Experience Center
Defining Phrases for Custom DLP Dictionaries
You can add phrases to your custom dictionaries that represent content you want to protect for your organization. To learn more, see Adding Custom DLP Dictionaries.
General guidelines for phrases include the following:
- A dictionary can contain up to 512 phrases.
- Each phrase can contain a minimum of 3 bytes and a maximum of 256 bytes.
- Dictionary phrase-matching is not case-sensitive and ignores punctuation.
- You can place quotes around phrases to specify that the dictionary only detects phrases that exactly match the phrase in the order given within the quotes.
To enable matching of Unicode phrases when they are adjacent to other characters with no delimiters in between, check the Unicode checkbox.
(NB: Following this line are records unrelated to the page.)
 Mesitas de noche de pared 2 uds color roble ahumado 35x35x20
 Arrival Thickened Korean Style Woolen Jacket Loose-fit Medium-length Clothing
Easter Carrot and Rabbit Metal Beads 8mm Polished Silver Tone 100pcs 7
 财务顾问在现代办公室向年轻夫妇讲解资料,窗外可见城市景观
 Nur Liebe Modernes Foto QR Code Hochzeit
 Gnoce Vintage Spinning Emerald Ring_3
To learn more, see Adding Custom DLP Dictionaries.
The Zscaler service uses fuzzy matching techniques to ensure that phrases do not go undetected by dictionaries because of capitalization or spacing discrepancies and the existence of noise words (e.g., spurious words or HTML tags) between words. For example, the configured phrase “security service” would match the text “security <b>service</b>”.
Sometimes this fuzzy matching results in matching phrases from an irrelevant context and can cause false positives. In such cases, quotes or double quotes can be placed around the words of a phrase to disable fuzzy matching and match only the phrase within the quotes. Zscaler then ignores the different types of whitespace between the words. For example, “security service” matches “security-service,” “security,service,” and other such unrelated phrases.
Adding Phrases
To add phrases:
- Go to Policies > Data Protection > Common Resources > Dictionaries & Engines.
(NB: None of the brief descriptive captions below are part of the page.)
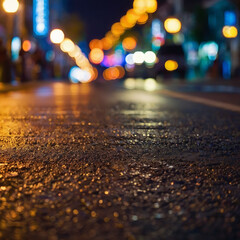 Abstract blur evening city street road lighting bokeh for background. Defocused street scene. Blurred of main street, headlamps. Outdoor busy modern life concept. Suitable for web and magazine layouts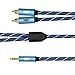 EMK RCA Cable 3.5mm Male to 2RCA Male Stereo Audio Adapter Cable[Nylon Braided,Durable and Flexible] AUX RCA Y Cord Compatible with Smartphones, MP3, Tablets, Speakers - Blue (3Ft/1Meters)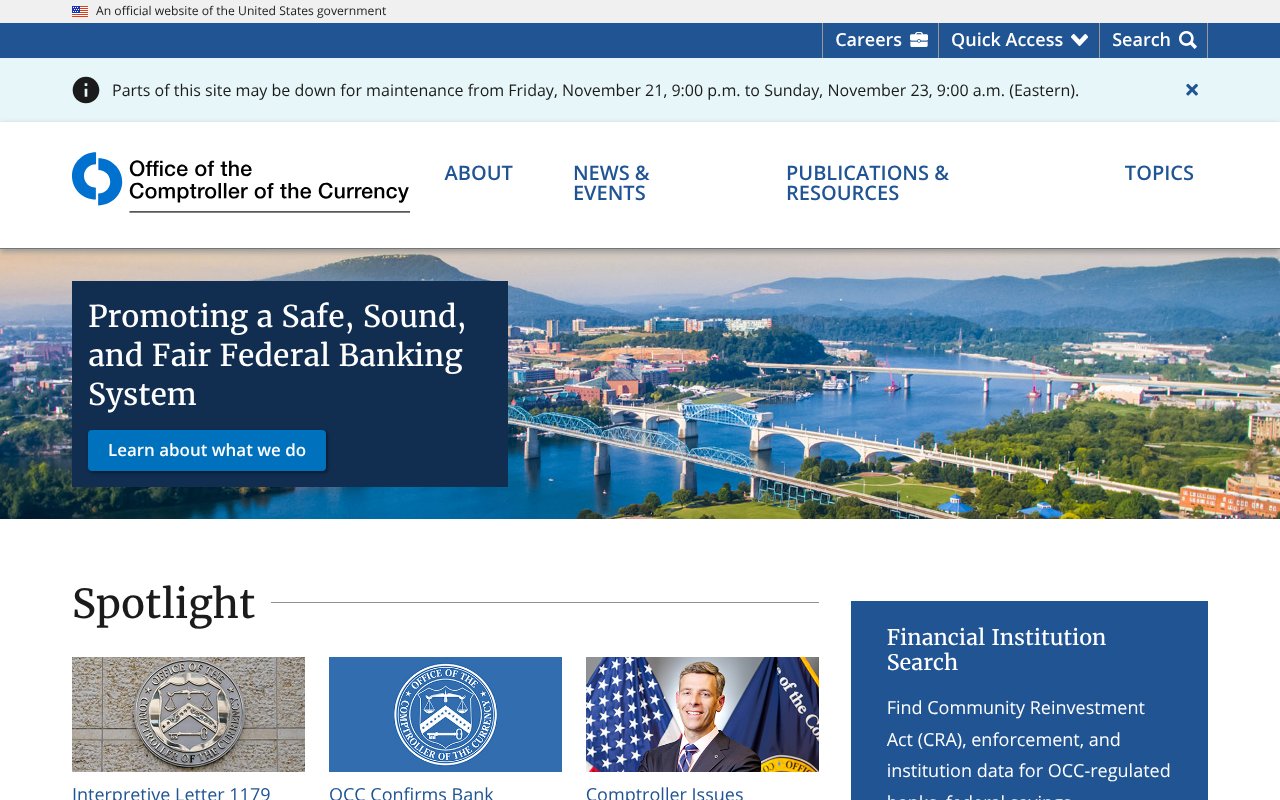 Screenshot of occ.gov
Click Add DLP Dictionary or click the Edit icon for an existing dictionary.
The Add/Edit DLP Dictionary window appears.
- In the Add/Edit DLP Dictionary window:
- Enter a Phrase you want the dictionary to match when scanning content. You must enter phrases one at a time (i.e., one phrase per line). To learn more, see the preceding general guidelines for phrases.
- Choose the Action the dictionary takes upon detecting valid matches:
- Count All: The dictionary counts all matches of the phrase, including identical phrases, toward the match count. For example, you create a dictionary with the phrase “Confidential Information” and choose Count All. When the dictionary scans content containing three instances of the phrase “Confidential Information,” it counts all three instances as three matches.
- Count Unique: The dictionary counts each unique match of the phrase towards the match count only once, regardless of how many times it appears in the content. For example, you create a dictionary with the phrase “Confidential Information” and choose Count Unique. When the dictionary scans content containing three instances of the phrase “Confidential Information,” it counts all three instances as one match.
Click the Add Phrase icon to add additional lines and the Delete icon to remove them.
- Click Save and activate the change.